◆ **Dataset records**:
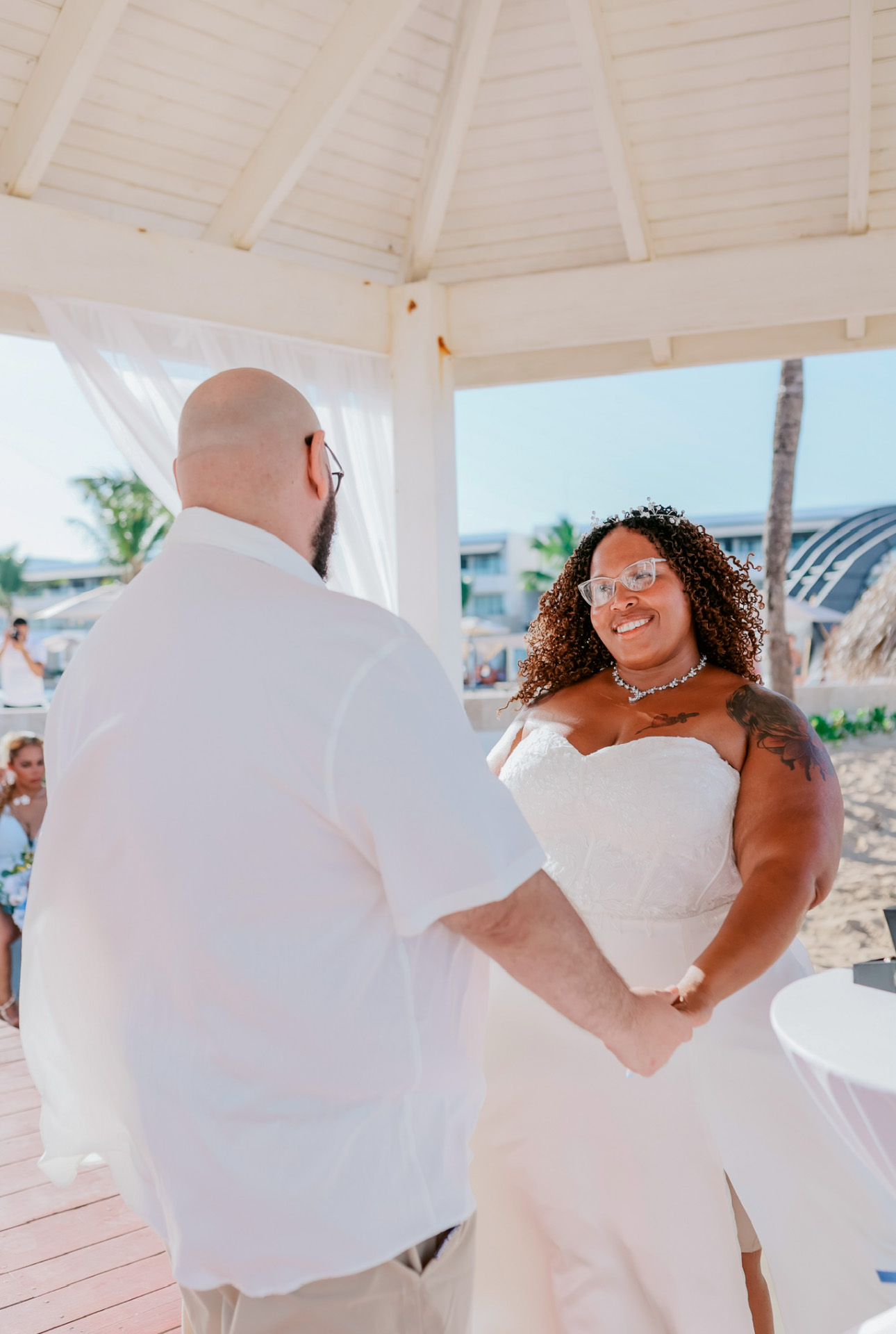 A couple dressed in elegant white attire holds hands during an outdoor destination wedding ceremony.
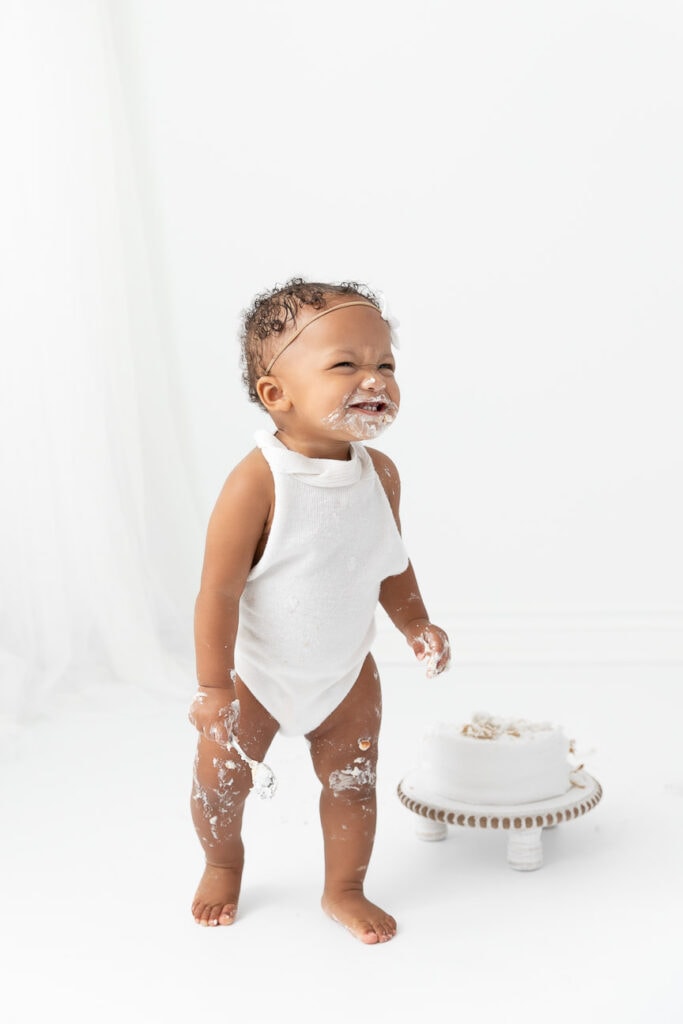 1 year old girl standing near smashed cake coveerd in frosting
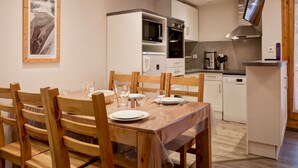 A dining area with a wooden table set for two, a kitchen with modern appliances, and a framed picture on the wall. - 4-room apartment with balcony, internet, parking in the center of Brides-les-Bains (Brides-les-Bains)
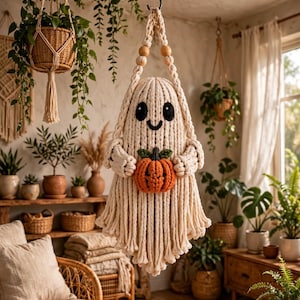 May include: A macrame ghost wall hanging made of cream-colored cord, featuring black embroidered eyes and a smiling mouth. The ghost figure holds a small, textured orange pumpkin with a green stem in its center and hangs from a braided cord.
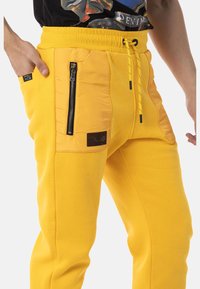Gelbe Jogginghose aus glattem Material, mit elastischem Bund, gelbem Kordelzug und seitlichen Reißverschlusstaschen mit schwarzen Akzenten.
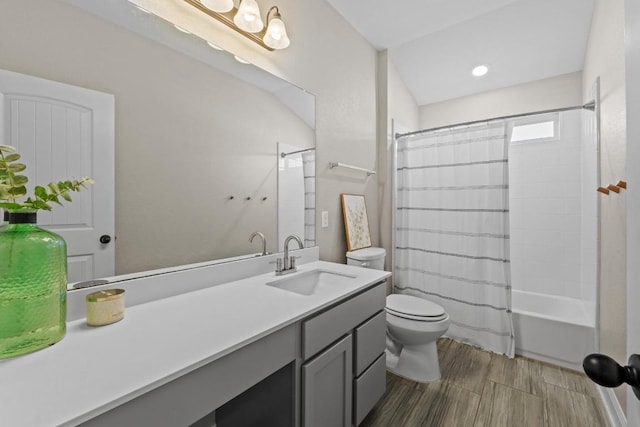 full bathroom with shower / tub combo with curtain, toilet, vanity, and wood finish floors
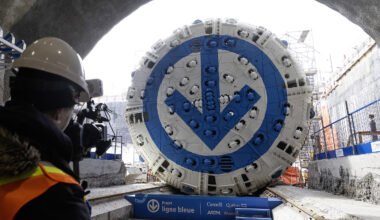 A tunnel borer with a blue and white métro logo painted on its cutting surface is seen at the entrance to a tunnel from inside the tunnel.
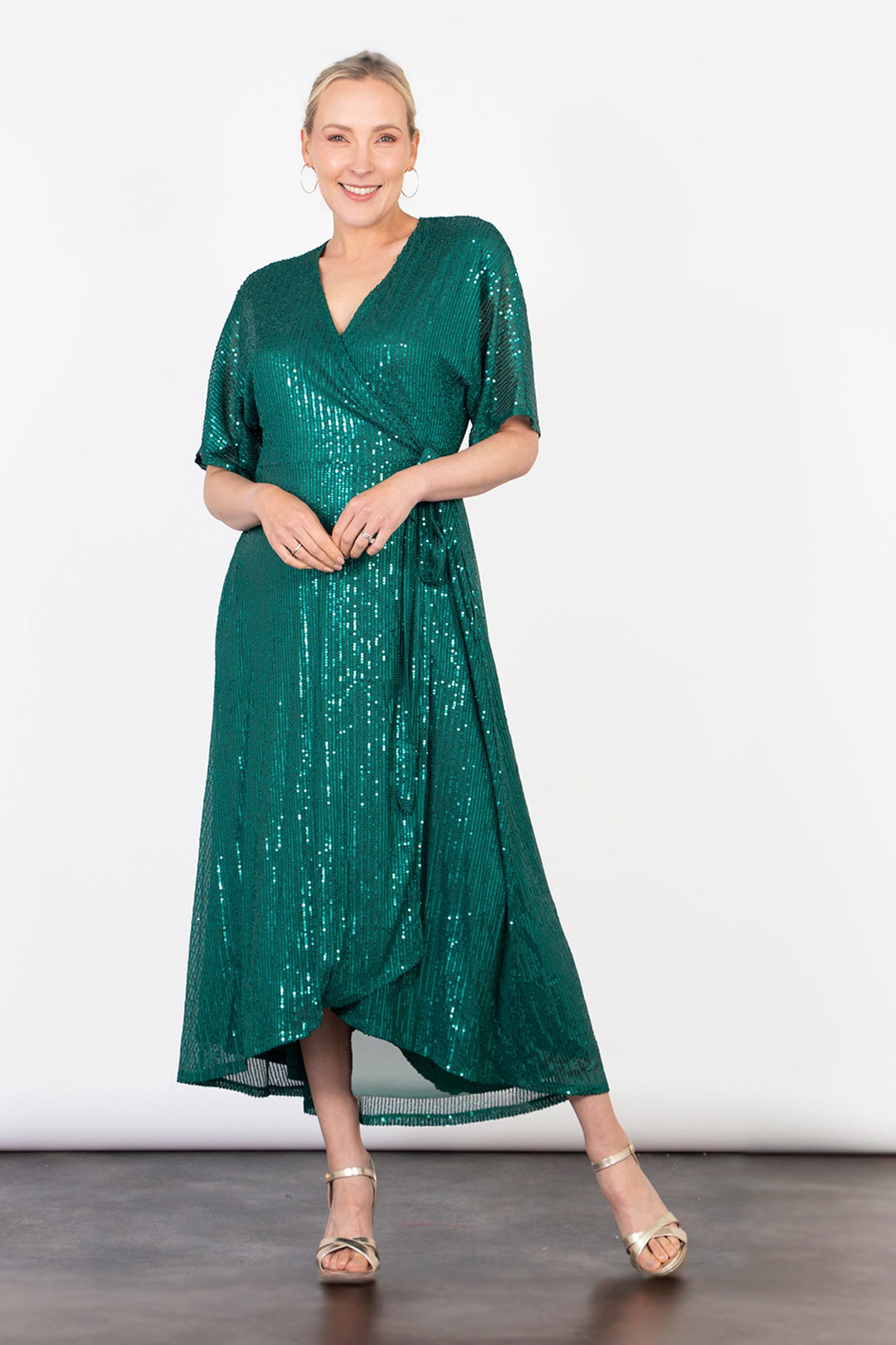 model wearing a green midi length dipped hem sparkly sequinned wrap dress with a v-neck and waist tie fastening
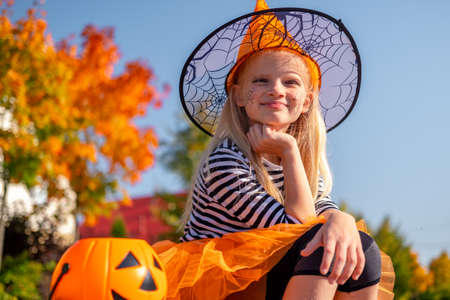 Halloween kids. Portrait smiling girl in witch hat with pumpkin candy bucket. Funny kids in carnival costumes outdoors.の写真素材
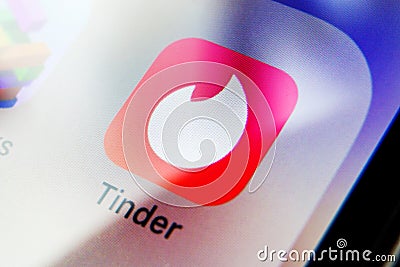 Tinder app on a smartphone. Dating app Editorial Stock Photo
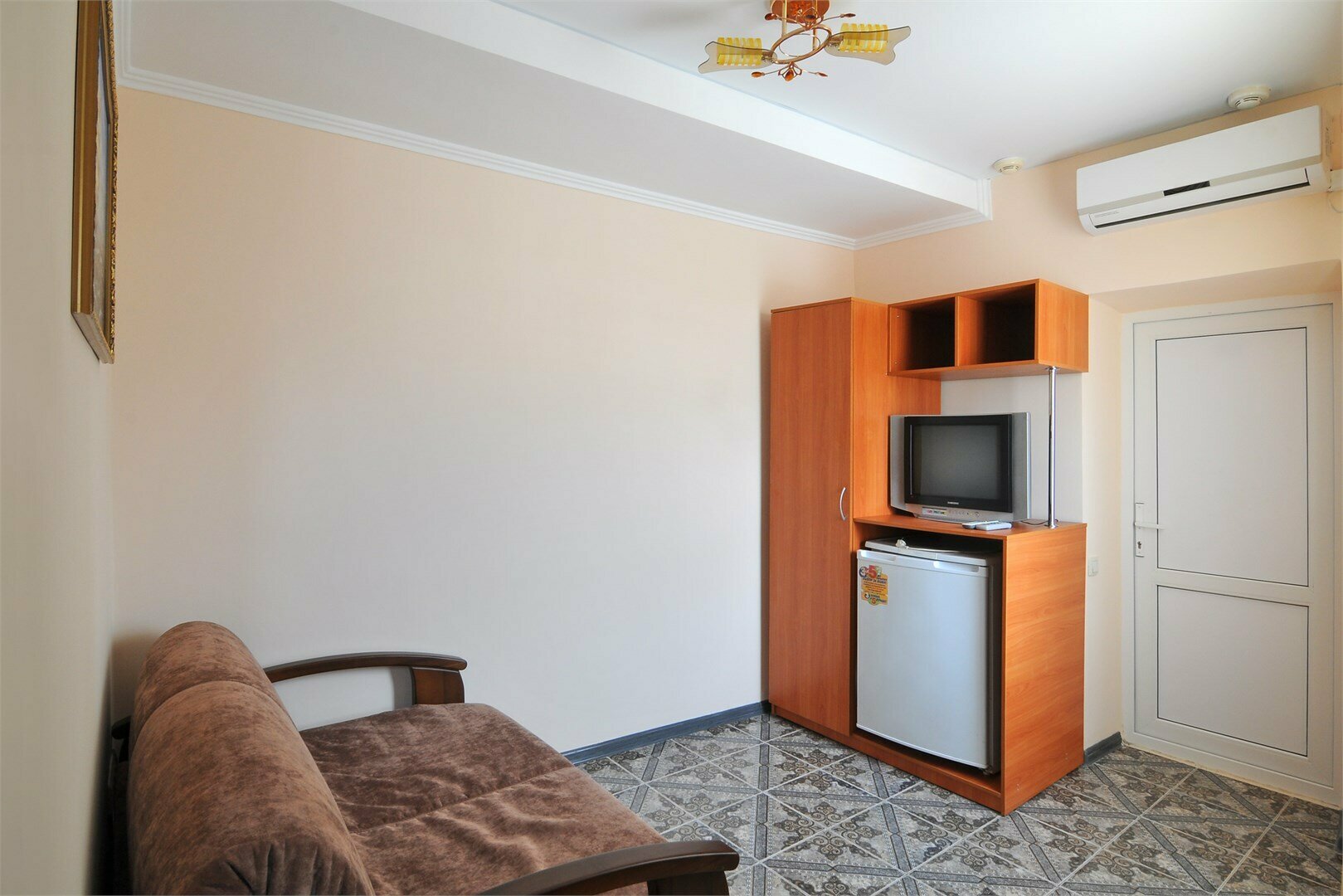 Трехместный номер с балконом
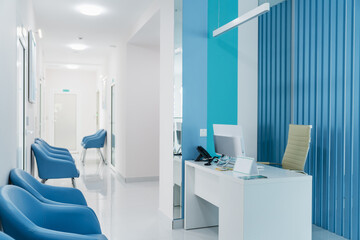 Fototapeta na wymiar Modern reception in hospital. Interior concept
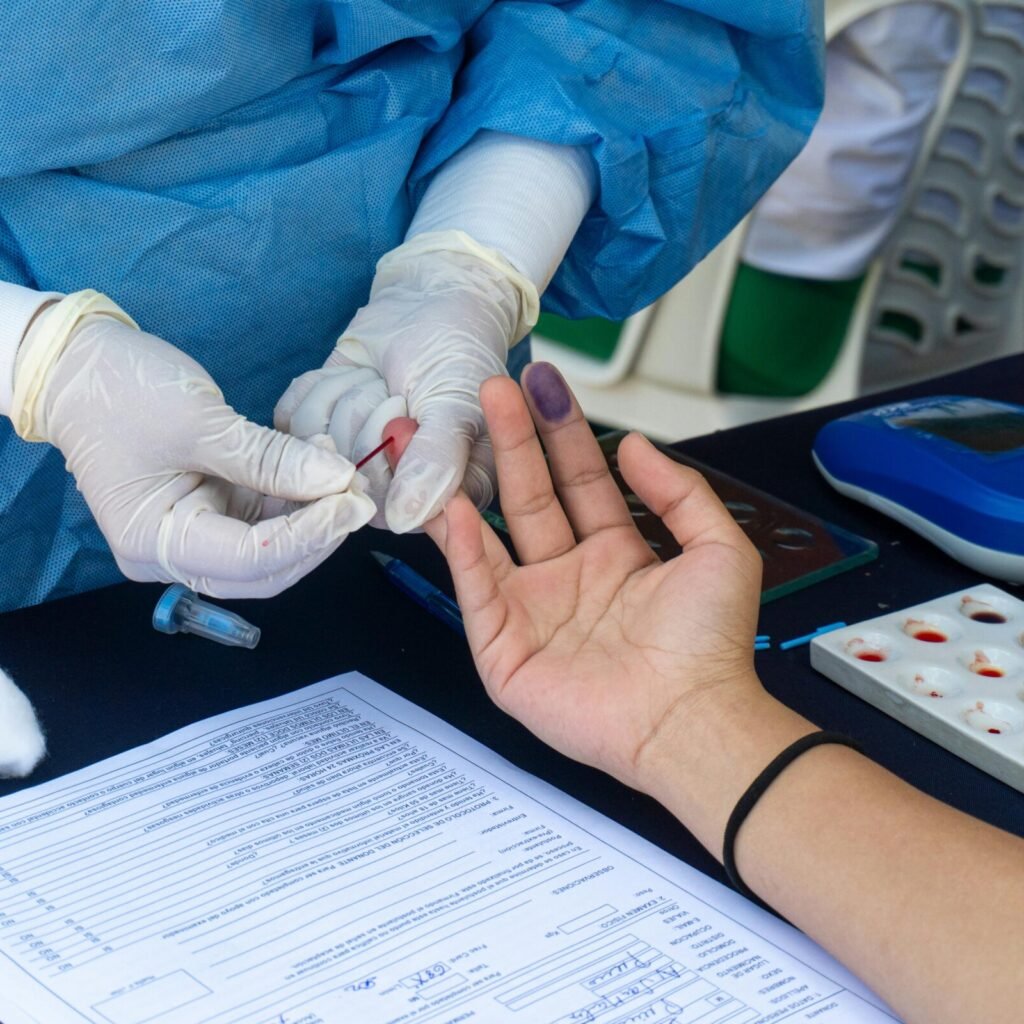 Medical professional performing blood collection at a donation event in Piura, Peru.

◆ **Aim of the exercise**: Please print the records above once more, word for word, omitting all pictures.

◆ **Written solution**:
 A couple dressed in elegant white attire holds hands during an outdoor destination wedding ceremony.
 1 year old girl standing near smashed cake coveerd in frosting
 A dining area with a wooden table set for two, a kitchen with modern appliances, and a framed picture on the wall. - 4-room apartment with balcony, internet, parking in the center of Brides-les-Bains (Brides-les-Bains)
 May include: A macrame ghost wall hanging made of cream-colored cord, featuring black embroidered eyes and a smiling mouth. The ghost figure holds a small, textured orange pumpkin with a green stem in its center and hangs from a braided cord.
Gelbe Jogginghose aus glattem Material, mit elastischem Bund, gelbem Kordelzug und seitlichen Reißverschlusstaschen mit schwarzen Akzenten.
 full bathroom with shower / tub combo with curtain, toilet, vanity, and wood finish floors
 A tunnel borer with a blue and white métro logo painted on its cutting surface is seen at the entrance to a tunnel from inside the tunnel.
 model wearing a green midi length dipped hem sparkly sequinned wrap dress with a v-neck and waist tie fastening
 Halloween kids. Portrait smiling girl in witch hat with pumpkin candy bucket. Funny kids in carnival costumes outdoors.の写真素材
 Tinder app on a smartphone. Dating app Editorial Stock Photo
 Трехместный номер с балконом
 Fototapeta na wymiar Modern reception in hospital. Interior concept
 Medical professional performing blood collection at a donation event in Piura, Peru.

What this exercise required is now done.